Mal droht er: "Wir werden das Flüchtlingsabkommen aussetzen", mal behauptet er ernsthaft: "Die sind bloß neidisch auf unsere Staudämme und U-Bahnen." Man sollte sich in Europa an Recep Tayyip Erdogans Beschimpfungen gewöhnen, sie werden in den nächsten Wochen sogar noch zunehmen. Und zwar bis zu dem Tag, an dem der türkische Staatschef sein Ziel erreicht hat: die Einführung des Präsidialsystems. Dafür braucht Erdogan die EU als Prügelknaben. Angesichts der herrschenden nationalistischen Stimmung im Land kommt so etwas gut an und wird helfen, eine mögliche Volksabstimmung über eine solche Verfassungsänderung zu gewinnen. Ist der Ein-Mann-Staat erst einmal errichtet, wird er wieder mildere Töne anstimmen.

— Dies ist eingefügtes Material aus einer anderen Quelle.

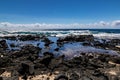 Rocky Hawaiian beach. Rocks, tidepool, sand. Wave and blue ocean in distance. Blue sky and clouds. Royalty Free Stock Photo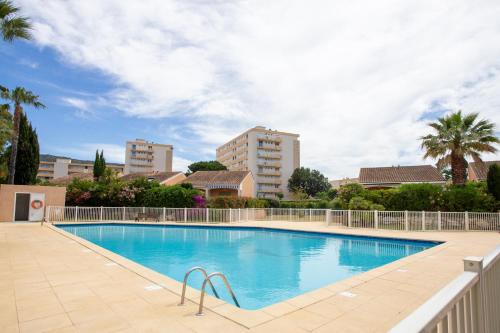 une grande piscine avec des bâtiments en arrière-plan dans l'établissement Lou Estrella - Appt 4p avec piscine proche plage, au Lavandou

Ansonsten ist Erdogans Drohung, das Flüchtlingsabkommen aufzukündigen, wenn die Visafreiheit für Türken nicht kommt, ziemlich leer. Denn auch er weiß, dass der massive Rückgang der Flüchtlingszahlen in Europa mehr mit der Schließung der Balkanroute als mit dem Rücknahmeabkommen zwischen der Türkei und der EU zu tun hat. Kündigte er das Abkommen, würden die Europäer ihre Mauern noch höher ziehen und die Türkei bliebe mit ihren 2,5 Millionen Flüchtlingen wieder allein. Es flösse dann auch kein Geld. Dabei kann die Türkei die vereinbarten sechs Milliarden Euro Unterstützung angesichts einer schwächelnden Wirtschaft gut gebrauchen.

Erdogan hat sein Land auf dem Weltnothilfe-Gipfel in Istanbul just als "großherzigstes der Welt" gepriesen. Will er die Vertriebenen wirklich ermutigen, sich wieder auf die lebensgefährliche Überfahrt nach Griechenland zu begeben?

Visafreiheit kontra Antiterrorparagraph

Und schließlich: Die Visafreiheit, die Erdogan seinen Landsleuten schon lange versprochen hat, käme bei Kündigung des Abkommens bis auf weiteres auch nicht. Zwar wird Erdogan versuchen, die Schuld dafür allein den "islamfeindlichen" Europäern zuzuschieben. Aber auch in der Türkei wissen viele, dass es Erdogan selbst war, der als Ministerpräsident 2013 die 72 Bedingungen für eine Visafreiheit unterschrieben - aber eben nicht eingelöst - hat.

Die darin geforderte Änderung des türkischen Antiterrorparagrafen kommt ihm nun ungelegen, weil genau dieses Gesetz sein wichtigstes Instrument ist, um die Opposition auszuschalten. Sollte die EU in dieser Frage, wie zu hören ist, tatsächlich zu Kompromissen bereit sein, verlöre sie bei der bedrängten Opposition in der Türkei weiter an Vertrauen. Angeblich könnte die konkrete Anpassung solcher Strafgesetze an europäische Normen den EU-Beitrittsverhandlungen überlassen werden. Die Visafreiheit käme dann bis auf Widerruf. Aber wer glaubt eigentlich noch an Beitrittsgespräche mit der Türkei?

DW-Autor Gunnar Köhne, Istanbul (Foto: DW)
DW-Autor Gunnar Köhne, IstanbulBild: DW

Erdogan braucht die EU - und umgekehrt

Die Türkei ist auf Europa angewiesen - mindestens so sehr wie Europa auf die Türkei, jedenfalls in der Flüchtlingszusammenarbeit. Die EU ist der größte Handelspartner der Türkei - und derzeit ihr einziger wohlwollender außenpolitischer Partner. Russland hat die Beziehungen zu Ankara vorerst abgebrochen, im Weißen Haus bekam Erdogan zuletzt nicht einmal mehr einen Gesprächstermin und auch die meisten arabischen Nachbarn gehen auf Distanz zu ihm. Das ist der Grund, warum Bundeskanzlerin Angela Merkel immer so entspannt aus den - vermutlich polternden - Gesprächen mit Erdogan kommt.

Europa wäre darum gut beraten, die Tiraden aus Ankara als Randnotiz zur Kenntnis nehmen. Und ansonsten nach Kräften den Demokraten in der Türkei beizustehen.